## Data for processing

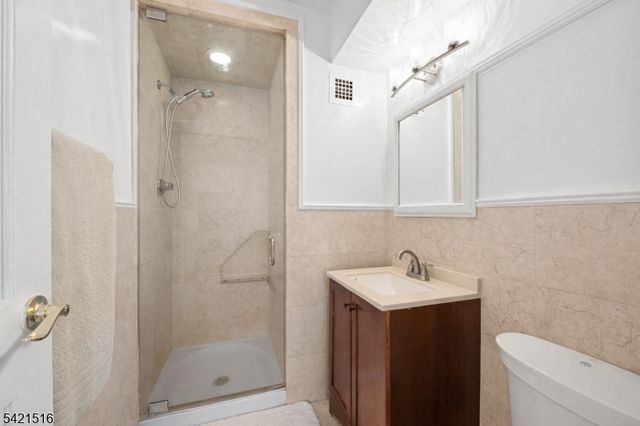 285 Aycrigg Ave 11G, Passaic City, NJ 07055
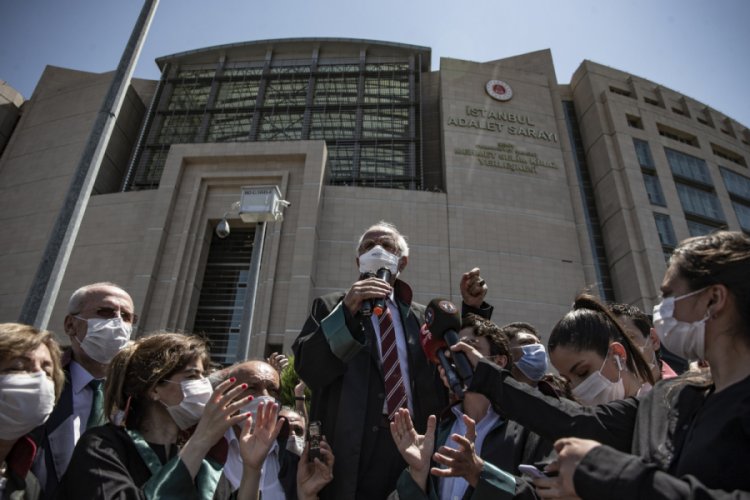 İstanbul Adalet Sarayı önünde 'savunma mitingi'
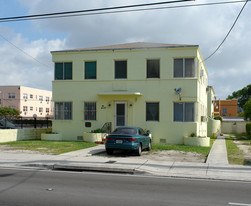 855 SW 7th St Apartments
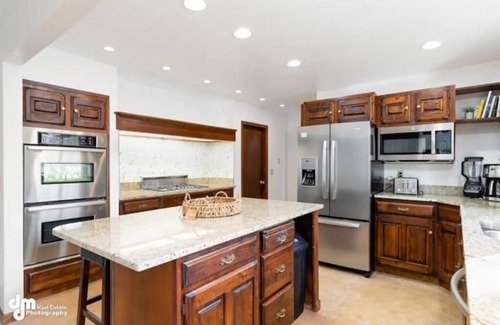 Huffman - O' Malley House | South Anchorage Oasis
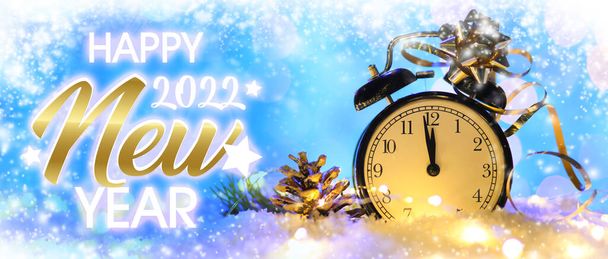 Krásné přání k oslavě Šťastného Nového roku 2022 s budíkem - Fotografie, Obrázek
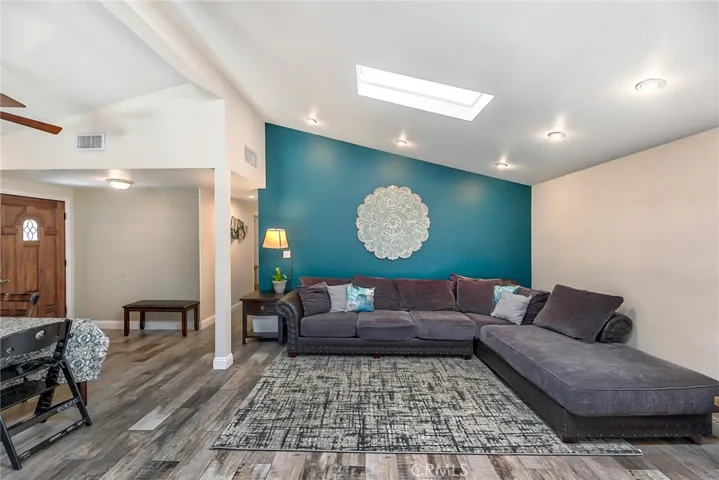 18655 Bainbury Street, Canyon Country, California 91351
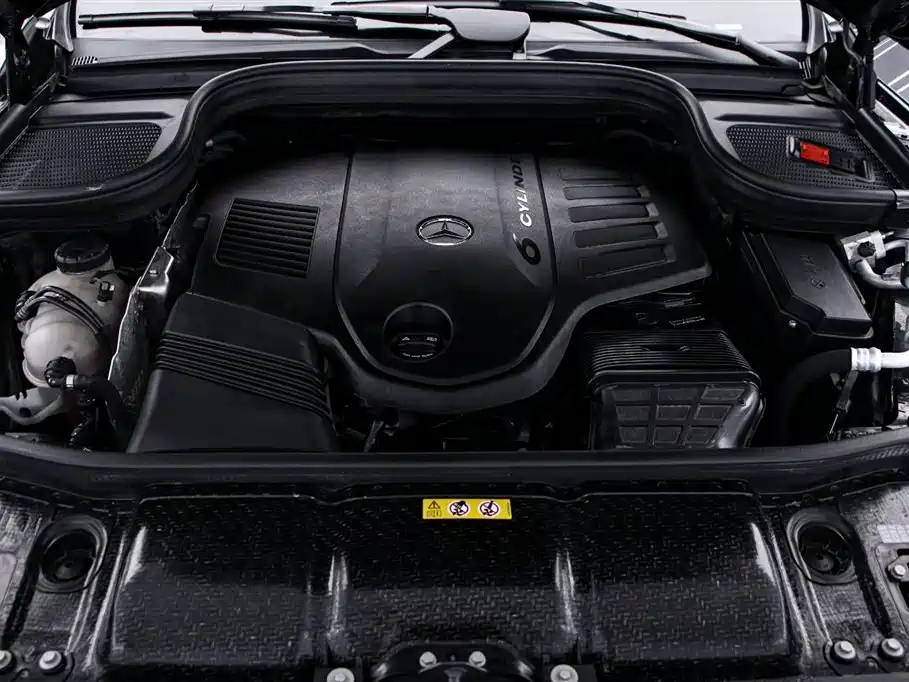 Mercedes-Benz GLS 450 4MATIC Luxury 2023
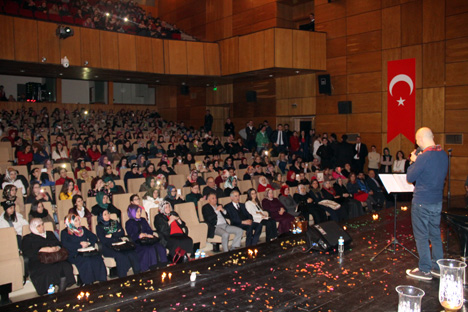 kahraman-tazeoglu-renk-projesi-icin-rizede-12.jpg kahraman-tazeoglu-renk-projesi-icin-rizede-12.jpg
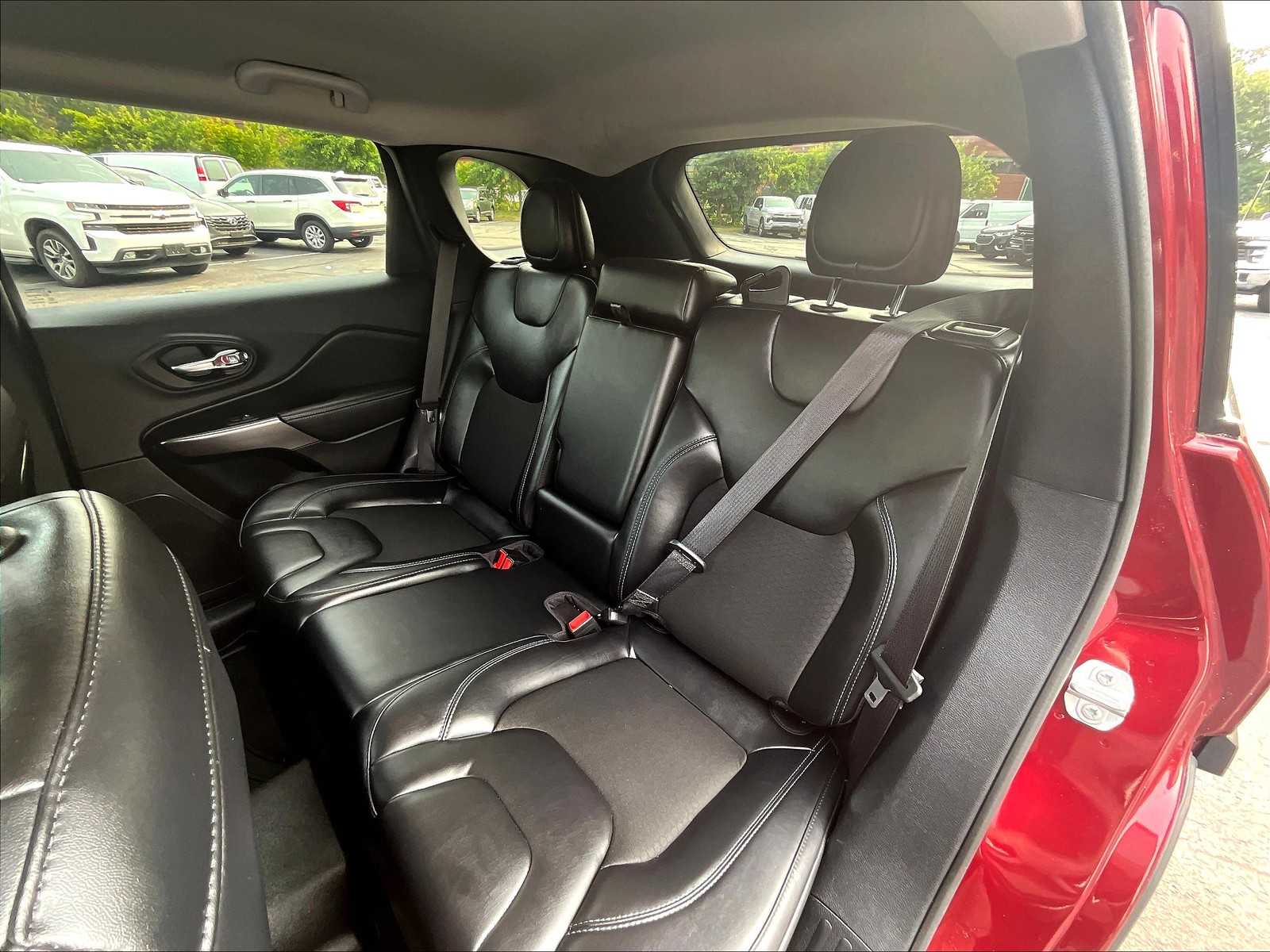 2020 Jeep Cherokee Latitude photo 14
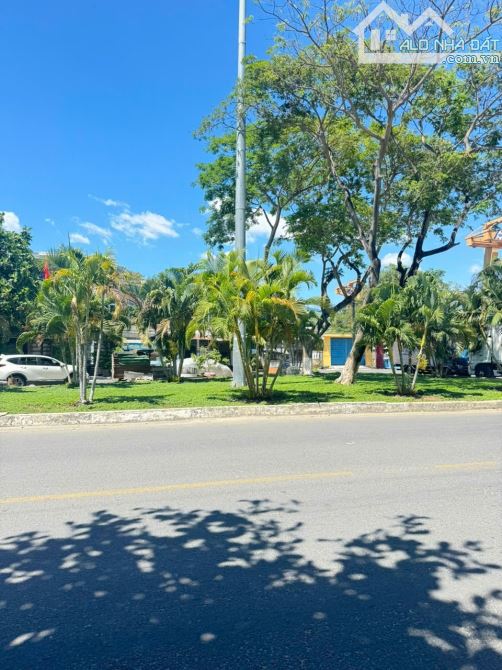 Bán đất tặng nhà cấp 4 mặt tiền đường Phước Long, tp Nha Trang. Gần khu đô thị An Bình Tân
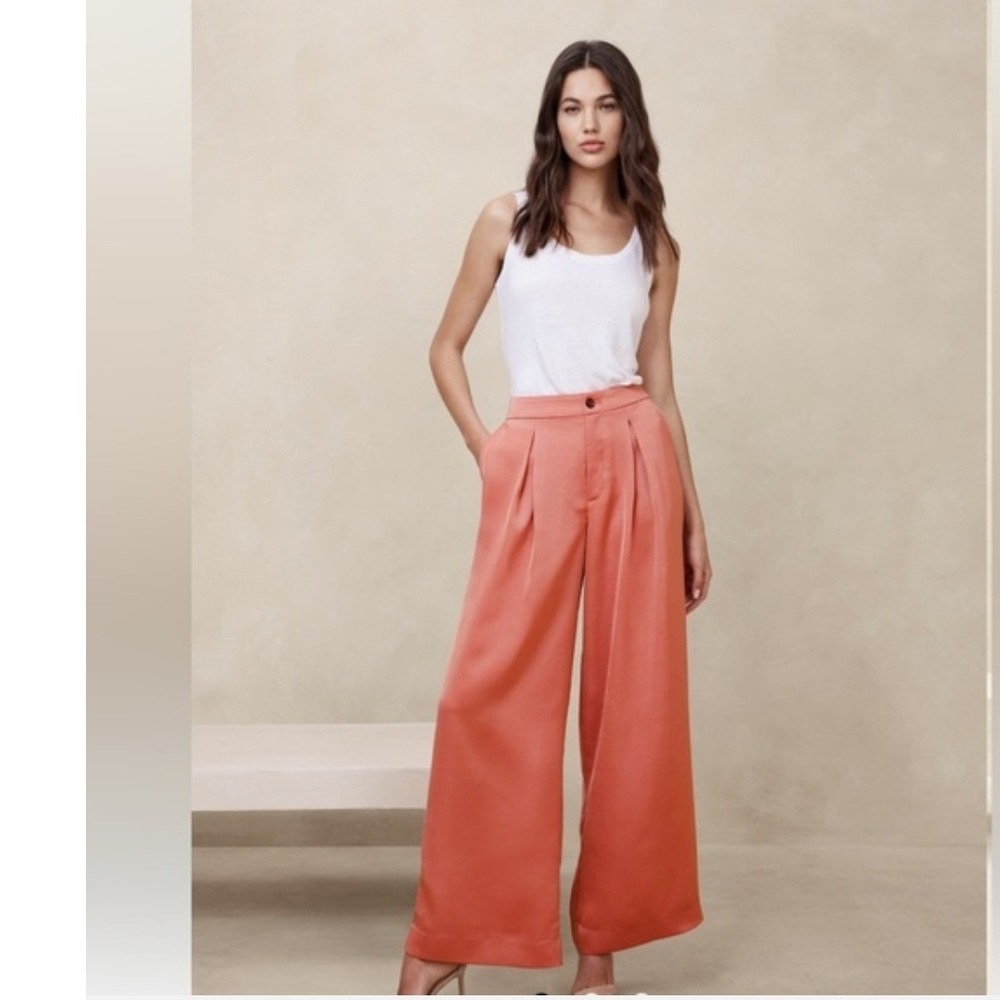 Banana Republic Coral Pink Wide Leg Petite Silky Pleated Trousers‎ Size 4P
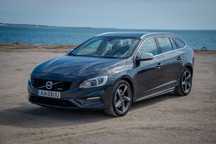Volvo V60 2.4 D6 R-Design Mom.AWD Phev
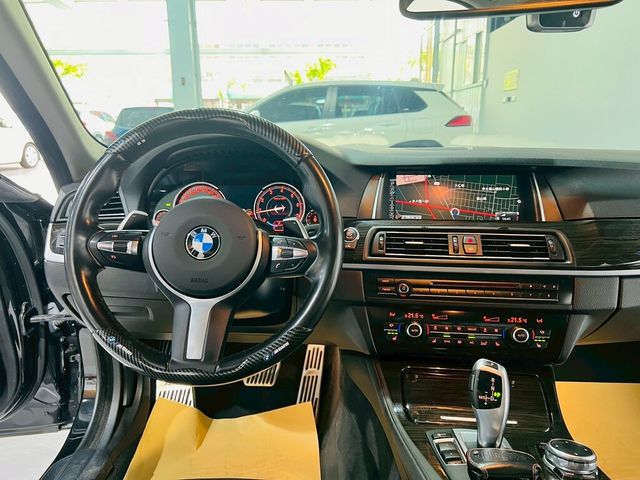 BMW寶馬 520I  第9張相片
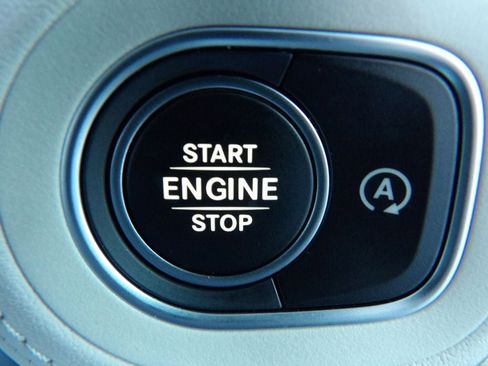 Used 2025 Mercedes-Benz GLS 63 AMG 4MATIC image 28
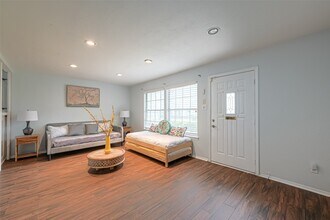 10188 Beekman Pl Dr in Houston, TX - Building Photo - Building Photo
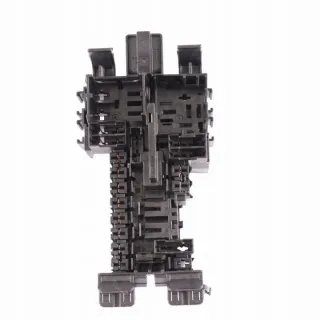 A2059067200 A2059067200,A A2059067200-1 Блок предохранителей Mercedes C W205 Арт e9782179, вид 9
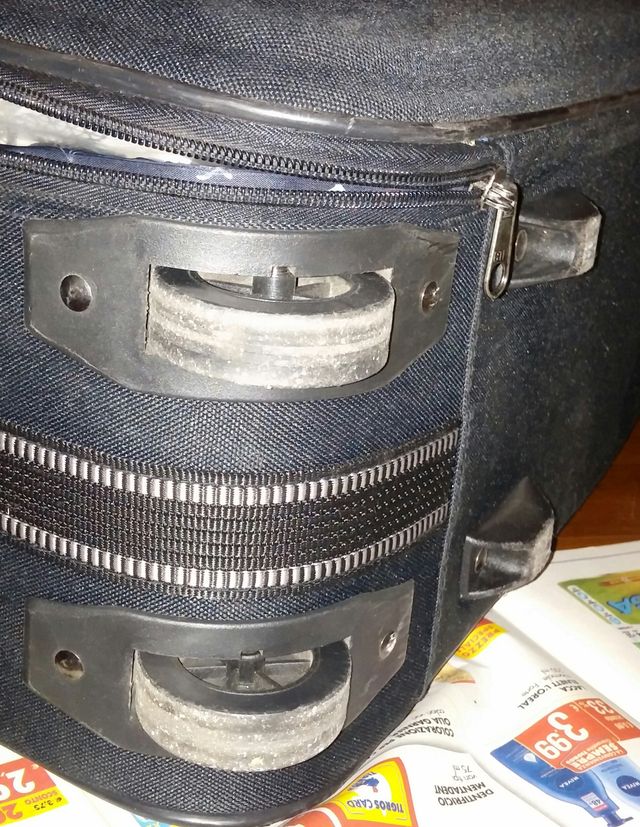 VALIGIA SEMIRIGIDA GRANDE CON ROTELLE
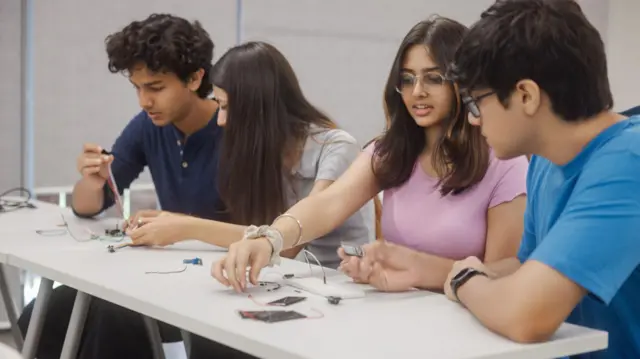 कितनी भी मशीनें क्यों न आ जाएँ, चाहे मशीनें कितनी भी तेज क्यों न हो जाएं, लोगों की जरूरत हमेशा रहेगी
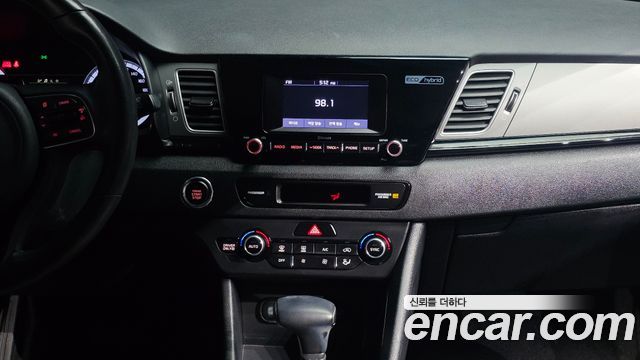 Kia Niro Prestige 2017 — фото 14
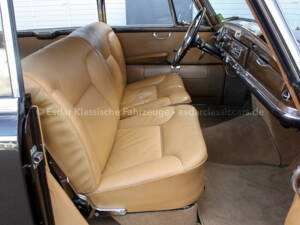 Image 12/39 of Mercedes-Benz 300 d (1961)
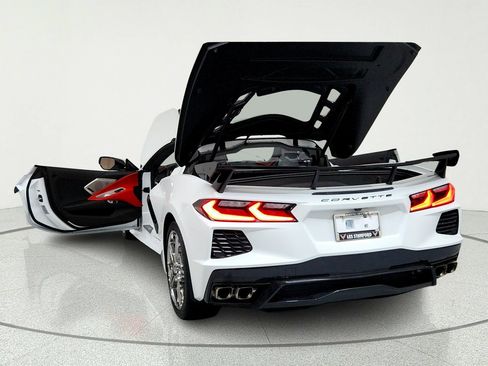 Used 2023 Chevrolet Corvette Stingray Premium Cpe RWD image 11
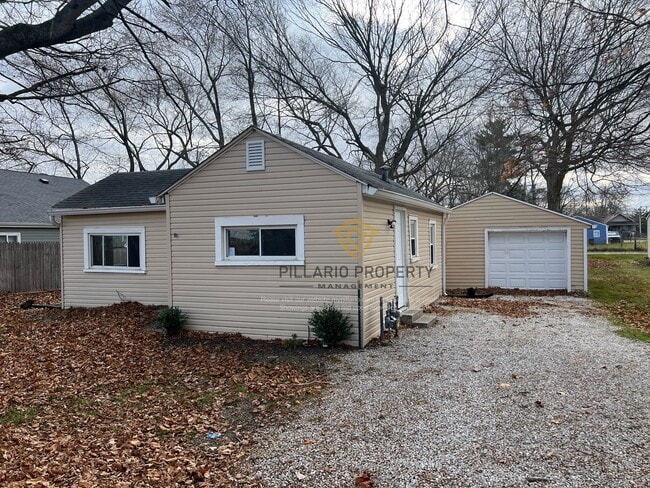Building Photo - 2 bed/ 1 bath in the Beautiful town of Greenfield!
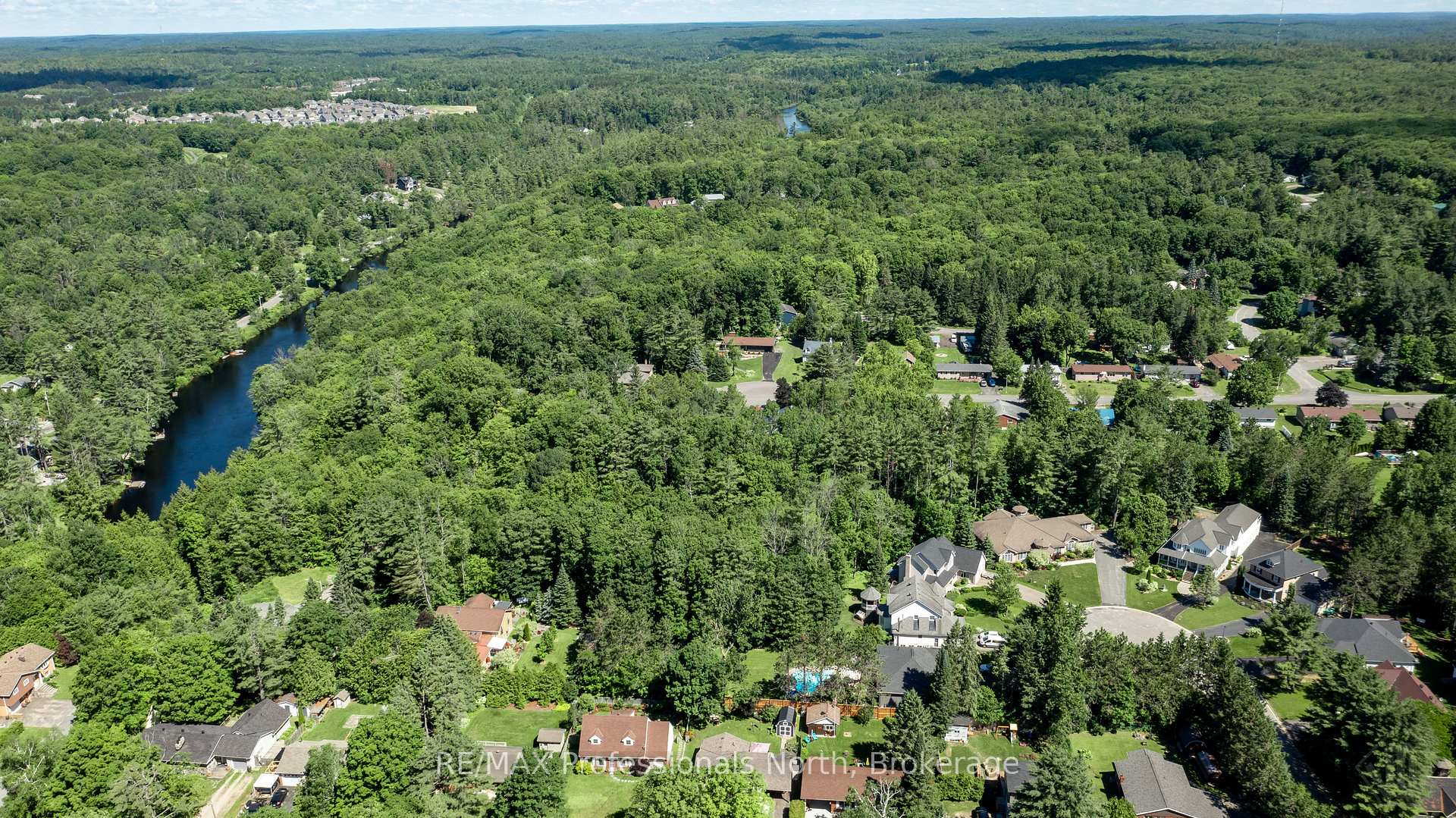 Photo 49 of 9 Melane Court, Bracebridge, Macaulay — HOMEH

## Requirement
Every line from the one with "Mercedes-Benz GLS 450 4MATIC Luxury 2023" through the last line of the material gets printed exactly, and nothing more. Omit the pictures.

## Solution to this task
 Mercedes-Benz GLS 450 4MATIC Luxury 2023
 kahraman-tazeoglu-renk-projesi-icin-rizede-12.jpg kahraman-tazeoglu-renk-projesi-icin-rizede-12.jpg
 2020 Jeep Cherokee Latitude photo 14
 Bán đất tặng nhà cấp 4 mặt tiền đường Phước Long, tp Nha Trang. Gần khu đô thị An Bình Tân
 Banana Republic Coral Pink Wide Leg Petite Silky Pleated Trousers‎ Size 4P
Volvo V60 2.4 D6 R-Design Mom.AWD Phev
 BMW寶馬 520I  第9張相片
 Used 2025 Mercedes-Benz GLS 63 AMG 4MATIC image 28
 10188 Beekman Pl Dr in Houston, TX - Building Photo - Building Photo
 A2059067200 A2059067200,A A2059067200-1 Блок предохранителей Mercedes C W205 Арт e9782179, вид 9
 VALIGIA SEMIRIGIDA GRANDE CON ROTELLE
 कितनी भी मशीनें क्यों न आ जाएँ, चाहे मशीनें कितनी भी तेज क्यों न हो जाएं, लोगों की जरूरत हमेशा रहेगी
 Kia Niro Prestige 2017 — фото 14
 Image 12/39 of Mercedes-Benz 300 d (1961)
 Used 2023 Chevrolet Corvette Stingray Premium Cpe RWD image 11
Building Photo - 2 bed/ 1 bath in the Beautiful town of Greenfield!
 Photo 49 of 9 Melane Court, Bracebridge, Macaulay — HOMEH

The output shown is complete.